Equivalently (noting that characters of conductor m correspond to \((m - 1)\)th roots of unity), if \(\zeta _{p^{m}}\) is any \(p^{m}\)th root of unity and p is odd,

$$\begin{aligned} \mathscr {M}(G^{+})(\gamma ^{j}\zeta _{p^{m}} - 1) = 0 \&\text {for } m \text { even} \\ \mathscr {M}(G^{-})(\gamma ^{j}\zeta _{p^{m}} - 1) = 0 \&\text {for } m \text { odd} \end{aligned}$$

on each of the connected componentsFootnote 2 of \(\mathcal {W}(\mathbb {C}_{p})\) (which we recall we are identifying with \(p- 1\) copies of \(\mathbb {B}(0,0)\)). When \(p = 2\) the sign flips and the above vanishing is equivalent to.

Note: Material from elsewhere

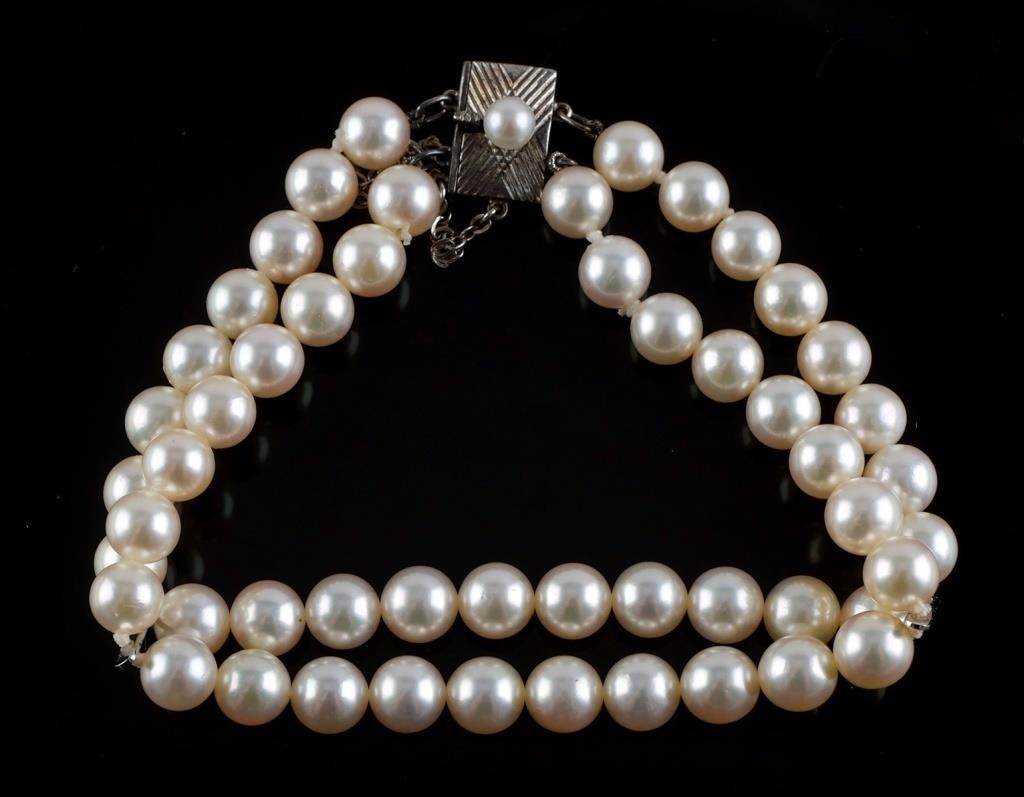 Appraisal: Vintage Mikimoto two-stranded pearl bracelet Measures a little over long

$$\begin{aligned} \mathscr {M}(G^{+})(\gamma ^{j}\zeta _{p^{m}} - 1) = 0 \&\text {for } m \text { odd} \\ \mathscr {M}(G^{-})(\gamma ^{j}\zeta _{p^{m}} - 1) = 0 \&\text {for } m \text { even} \end{aligned}$$

For any \(j \in \mathbb {Z}\), Pollack defines the following power series

$$\begin{aligned} \mathrm {log}_{p,j}^{+}(X)&:= \frac{1}{p}\prod _{m = 1}^{\infty }\frac{\Phi _{2m}(\gamma ^{-j}(1 + X))}{p} \\ \mathrm {log}_{p,j}^{-}(X)&:= \frac{1}{p}\prod _{m = 1}^{\infty }\frac{\Phi _{2m - 1}(\gamma ^{-j}(1 + X))}{p}, \end{aligned}$$

in \(\mathbb {Q}_{p}[[X]]\), where \(\Phi _{m}\) is the \(p^{m}\)th cyclotomic polynomial.

Lemma 3

The power series \(\mathrm {log}^{+}_{p, j}(X)\) (resp. \(\mathrm {log}^{-}_{p, j}( X)\)) is contained in \(\mathscr {R}_{1/2}^{+}\) and vanishes at precisely the points \(\gamma ^{j}\zeta _{p^{m}} - 1\) for every \(p^{m}\)th root of unity \(\zeta _{p^{m}}\) with m even (resp. odd).

Proof

The statements in the lemma are proved in [16, Lemma 4.1] and [16, Lemma 4.5]. We reprove that \(\mathrm {log}^{+}_{p,j}\) is contained in \(\mathscr {R}^{+}_{1/2}\) using the setup of Sect. 2, the result for \(\mathrm {log}^{-}_{p,j}\) being similar.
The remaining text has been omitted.